Don Giovanni | Don Juan
opéra de Wolfgang Amadeus Mozart

Grand Théâtre, Genève
- 11 décembre 2009
© carole parodi

Pour mettre en scène un opéra du grand répertoire, trois voies distinctes s’offrent : d’une part la tradition, et ce qu’elle comprend de poncifs et de clichés, auxquels on peut coller ou que l’on veut exploser, et, de l’autre, la partition et le livret. Chez Mozart, et notamment dans un ouvrage aussi abouti et génial que Don Giovanni, nul besoin d’aller chercher très loin, la mise en scène est toute entière dans la partition. Il n’est besoin que de lire, tout est là. Les ensembles vocaux suggèrent la disposition scénique des personnages, les mélodies ont en elles une ébauche du geste théâtral, les rythmes et harmonies naissent directement de l’affect, esquissant le caractère de chaque scène.

Dans cette nouvelle production du Grand Théâtre de Genève, Marthe Keller délaisse les a priori et décide fort justement de laisser parler la musique. Sobre, élégante et pertinente, sa mise en scène est désarmante de naturel et d’évidence, dès la première scène. Si les décors nous placent loin de Séville ou de Burgos, la savante organisation du plateau reflète fidèlement les dessins de la partition et laisse ainsi s’exprimer la narration dans sa plus grande nudité, ménageant au passage toute liberté aux chanteurs d’incarner leurs personnages au travers de et grâce à la phrase musicale.

Cette grande et rare attention profite surtout à Diana Damrau qui incarne l’une des plus touchantes Donna Anna qui soient.

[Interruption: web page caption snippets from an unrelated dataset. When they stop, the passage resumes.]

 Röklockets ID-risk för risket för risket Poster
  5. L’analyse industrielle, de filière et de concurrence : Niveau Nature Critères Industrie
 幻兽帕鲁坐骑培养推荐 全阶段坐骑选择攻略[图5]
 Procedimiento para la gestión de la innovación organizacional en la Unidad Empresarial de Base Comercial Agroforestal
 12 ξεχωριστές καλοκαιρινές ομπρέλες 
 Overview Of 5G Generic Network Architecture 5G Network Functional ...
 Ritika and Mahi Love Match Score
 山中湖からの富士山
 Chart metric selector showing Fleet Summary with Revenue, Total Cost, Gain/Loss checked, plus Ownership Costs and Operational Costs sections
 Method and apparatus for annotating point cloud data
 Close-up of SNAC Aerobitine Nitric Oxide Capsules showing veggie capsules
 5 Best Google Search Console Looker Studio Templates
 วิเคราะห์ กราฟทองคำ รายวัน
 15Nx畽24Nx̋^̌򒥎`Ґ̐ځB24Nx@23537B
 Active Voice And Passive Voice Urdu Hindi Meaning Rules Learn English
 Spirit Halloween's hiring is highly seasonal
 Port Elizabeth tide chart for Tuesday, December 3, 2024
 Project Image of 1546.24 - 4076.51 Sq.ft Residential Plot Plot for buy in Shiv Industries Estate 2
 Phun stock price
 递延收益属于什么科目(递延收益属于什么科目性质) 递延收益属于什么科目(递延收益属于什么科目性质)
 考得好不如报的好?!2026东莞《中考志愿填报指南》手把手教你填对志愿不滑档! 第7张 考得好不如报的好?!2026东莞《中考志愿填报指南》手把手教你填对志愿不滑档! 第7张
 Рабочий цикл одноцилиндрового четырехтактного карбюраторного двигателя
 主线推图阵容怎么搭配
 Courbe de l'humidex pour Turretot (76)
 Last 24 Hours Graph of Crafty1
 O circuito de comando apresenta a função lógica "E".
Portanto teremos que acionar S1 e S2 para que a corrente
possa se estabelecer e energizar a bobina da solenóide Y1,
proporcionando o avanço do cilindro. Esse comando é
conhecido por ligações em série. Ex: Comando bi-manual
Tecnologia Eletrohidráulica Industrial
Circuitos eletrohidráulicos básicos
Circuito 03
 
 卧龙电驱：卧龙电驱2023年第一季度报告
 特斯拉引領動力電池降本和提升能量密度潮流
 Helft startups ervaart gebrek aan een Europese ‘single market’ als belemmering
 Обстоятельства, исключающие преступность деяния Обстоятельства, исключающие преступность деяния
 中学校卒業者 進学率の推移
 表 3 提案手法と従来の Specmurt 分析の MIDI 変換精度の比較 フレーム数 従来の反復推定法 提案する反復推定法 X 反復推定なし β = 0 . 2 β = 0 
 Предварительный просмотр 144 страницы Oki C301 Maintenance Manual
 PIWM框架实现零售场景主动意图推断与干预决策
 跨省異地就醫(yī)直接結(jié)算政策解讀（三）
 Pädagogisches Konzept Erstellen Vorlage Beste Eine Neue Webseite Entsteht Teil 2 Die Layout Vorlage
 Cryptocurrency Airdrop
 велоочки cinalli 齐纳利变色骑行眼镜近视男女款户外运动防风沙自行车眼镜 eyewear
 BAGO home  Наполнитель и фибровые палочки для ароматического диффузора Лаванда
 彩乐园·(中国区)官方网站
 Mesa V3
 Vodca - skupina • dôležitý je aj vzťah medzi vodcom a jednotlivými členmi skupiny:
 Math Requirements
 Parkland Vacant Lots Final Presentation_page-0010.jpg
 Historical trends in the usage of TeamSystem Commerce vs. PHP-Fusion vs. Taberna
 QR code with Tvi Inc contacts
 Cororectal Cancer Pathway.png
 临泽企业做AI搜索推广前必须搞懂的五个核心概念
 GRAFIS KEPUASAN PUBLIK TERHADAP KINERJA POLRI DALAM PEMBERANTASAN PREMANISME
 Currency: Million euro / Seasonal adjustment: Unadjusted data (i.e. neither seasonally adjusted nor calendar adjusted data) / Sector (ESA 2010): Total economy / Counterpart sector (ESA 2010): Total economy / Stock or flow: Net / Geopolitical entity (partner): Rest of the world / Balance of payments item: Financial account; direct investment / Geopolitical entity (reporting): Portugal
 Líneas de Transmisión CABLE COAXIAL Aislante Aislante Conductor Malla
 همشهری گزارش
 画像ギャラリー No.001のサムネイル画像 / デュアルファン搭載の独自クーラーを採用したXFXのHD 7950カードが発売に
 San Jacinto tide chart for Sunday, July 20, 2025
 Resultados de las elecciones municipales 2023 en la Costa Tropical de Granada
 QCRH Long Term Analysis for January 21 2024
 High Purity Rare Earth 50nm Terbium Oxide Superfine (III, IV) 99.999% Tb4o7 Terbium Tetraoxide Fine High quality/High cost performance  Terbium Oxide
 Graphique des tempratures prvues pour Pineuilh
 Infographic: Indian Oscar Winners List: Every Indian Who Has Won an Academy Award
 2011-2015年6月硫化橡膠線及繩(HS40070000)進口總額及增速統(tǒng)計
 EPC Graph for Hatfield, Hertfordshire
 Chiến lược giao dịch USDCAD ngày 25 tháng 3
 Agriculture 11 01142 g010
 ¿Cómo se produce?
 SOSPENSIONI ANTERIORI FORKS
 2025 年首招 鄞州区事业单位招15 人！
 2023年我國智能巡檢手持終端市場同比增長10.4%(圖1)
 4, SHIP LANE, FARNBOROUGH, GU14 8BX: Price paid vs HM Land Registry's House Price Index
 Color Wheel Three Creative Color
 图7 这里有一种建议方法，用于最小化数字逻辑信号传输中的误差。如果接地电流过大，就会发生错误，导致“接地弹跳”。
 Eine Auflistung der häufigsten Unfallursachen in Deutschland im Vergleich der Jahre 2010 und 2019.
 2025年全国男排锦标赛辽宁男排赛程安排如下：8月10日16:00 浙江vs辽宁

Au-delà de son timbre parfait, tout en souplesse, tour à tour cristallin et chaud, ce sont les phrasés qui forcent l’admiration, l’intensité d’émotion qui transparaît dans un simple souffle, les pianissimi dans lesquels elle fond le début de certaines phrases – là où d’autres laisseraient parler une puissance brute, sans nuance, elle cherche l’intimisme du sentiment, le secret de la blessure, l’étreinte de la douleur inavouable, la dignité et la noblesse. Diana Damrau vole ainsi la vedette à ses compagnons qui, sans démériter, loin de là – on retiendra notamment le Masetto de Nicolas Testé et la tendre Zerlina de Raffaella Milanesi, mais aussi, dans une moindre mesure, le Leporello de José Fardilha et le Don Giovanni de Pietro Spagnoli –, souffrent d’une certaine paresse dans la direction de Kenneth Montgomery. Magnifique dans le dramatique comme dans le tragique, le chef est en effet plus en peine de bien doser la dimension comique mozartienne – élément pourtant essentiel du livret de Da Ponte –, un comique qui nécessite, plus encore que les orages de la passion ou les accents du destin, un timing parfait, pointu et sautillant.

Sans être du tout ennuyeuse, cette soirée sur laquelle pèsent quelques tempi traînants manque ainsi de peu la perfection.